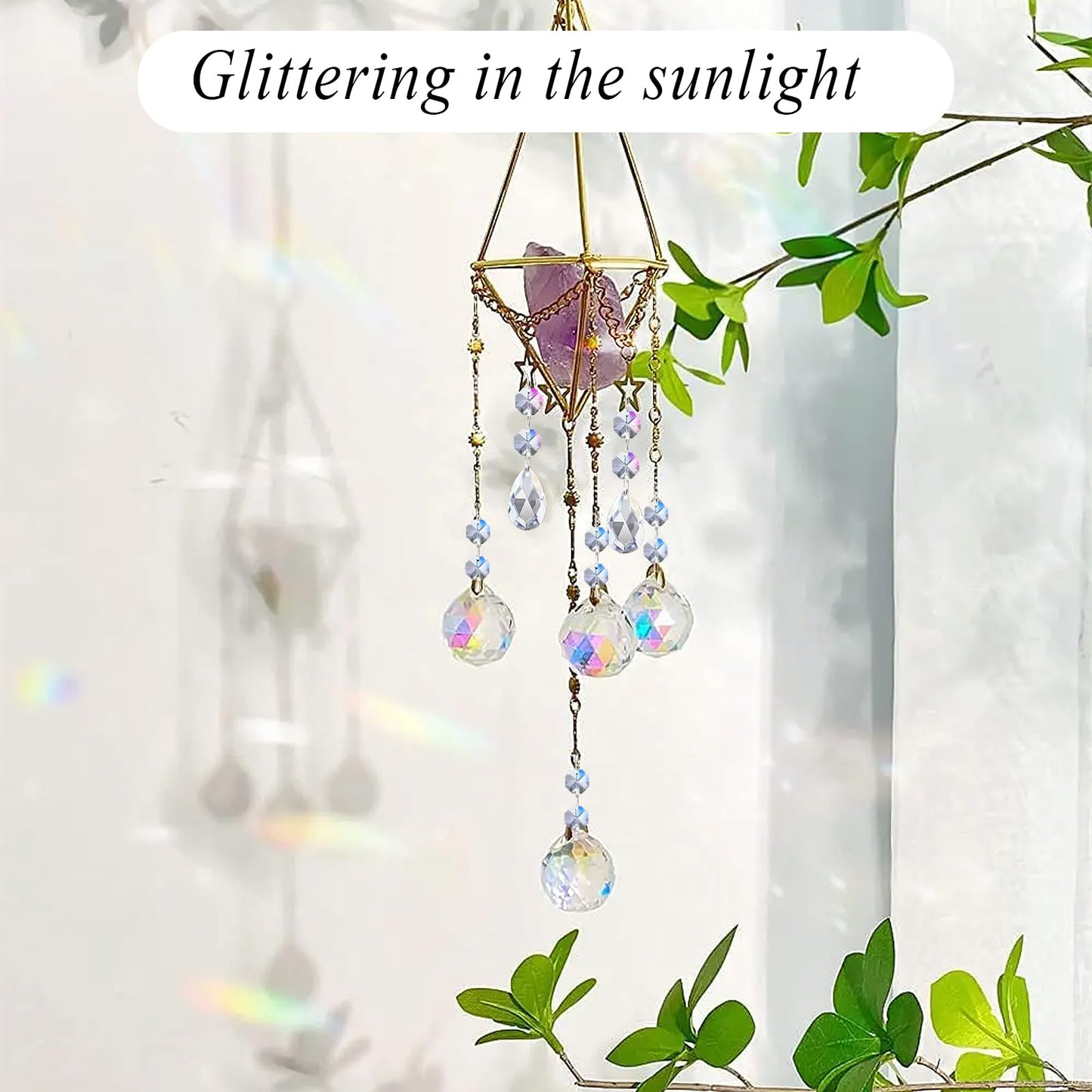 Worldity 60 Pack Chandelier Crystals Replacement, 40mm 20mm 13mm Prism Crystal Ball, Crystal Prisms for Chandeliers, Clear Crystals for Suncatchers Wedding Lamp Windows Christmas Tree Decoration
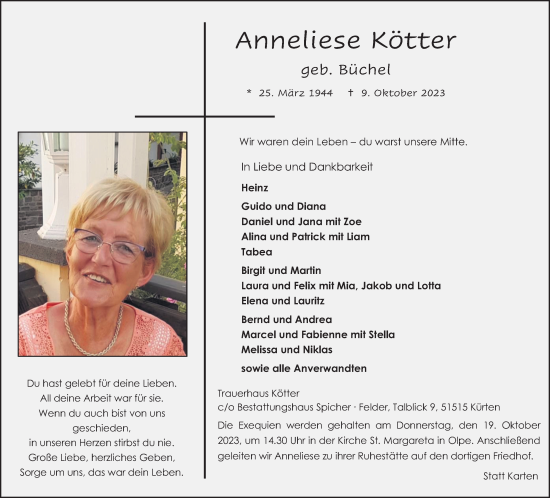 Anzeige von Anneliese Kötter von Kölner Stadt-Anzeiger / Kölnische Rundschau / Express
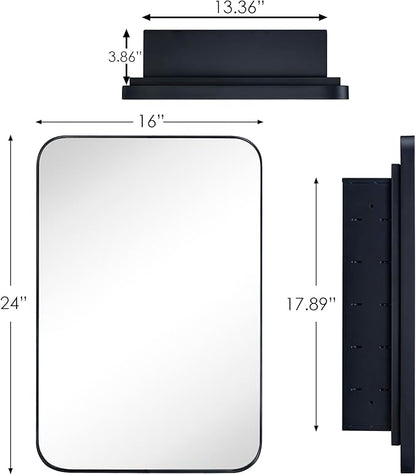 Matt Black Rectangle Recessed Bathroom Medicine Cabinet with Mirror Stainless Steel Metal Framed Rounded Rectangular Bathroom Cabinet with Mirror 16x24''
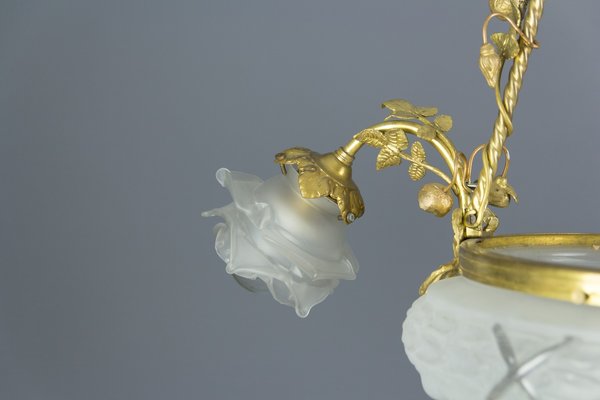 Antique Gilt Bronze and Frosted Glass Chandelier, 1920s Antique Gilt Bronze and Frosted Glass Chandelier, 1920s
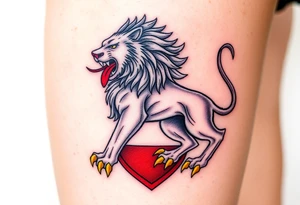 A majestic double-tailed silver lion with golden claws and a red tongue, standing proudly on a red shield, symbolizing strength and courage tattoo idea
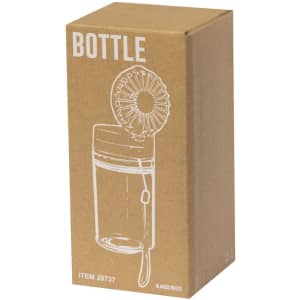 A drink bottle in a cardboard box, featuring a fan on top and a white body with some branding.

● **TRY IT**:
The complete set of records should be written out again, pictures excluded.

● **ANSWER SECTION**:
 Worldity 60 Pack Chandelier Crystals Replacement, 40mm 20mm 13mm Prism Crystal Ball, Crystal Prisms for Chandeliers, Clear Crystals for Suncatchers Wedding Lamp Windows Christmas Tree Decoration
 Anzeige von Anneliese Kötter von Kölner Stadt-Anzeiger / Kölnische Rundschau / Express
 Matt Black Rectangle Recessed Bathroom Medicine Cabinet with Mirror Stainless Steel Metal Framed Rounded Rectangular Bathroom Cabinet with Mirror 16x24''
 Antique Gilt Bronze and Frosted Glass Chandelier, 1920s Antique Gilt Bronze and Frosted Glass Chandelier, 1920s
 A majestic double-tailed silver lion with golden claws and a red tongue, standing proudly on a red shield, symbolizing strength and courage tattoo idea
 A drink bottle in a cardboard box, featuring a fan on top and a white body with some branding.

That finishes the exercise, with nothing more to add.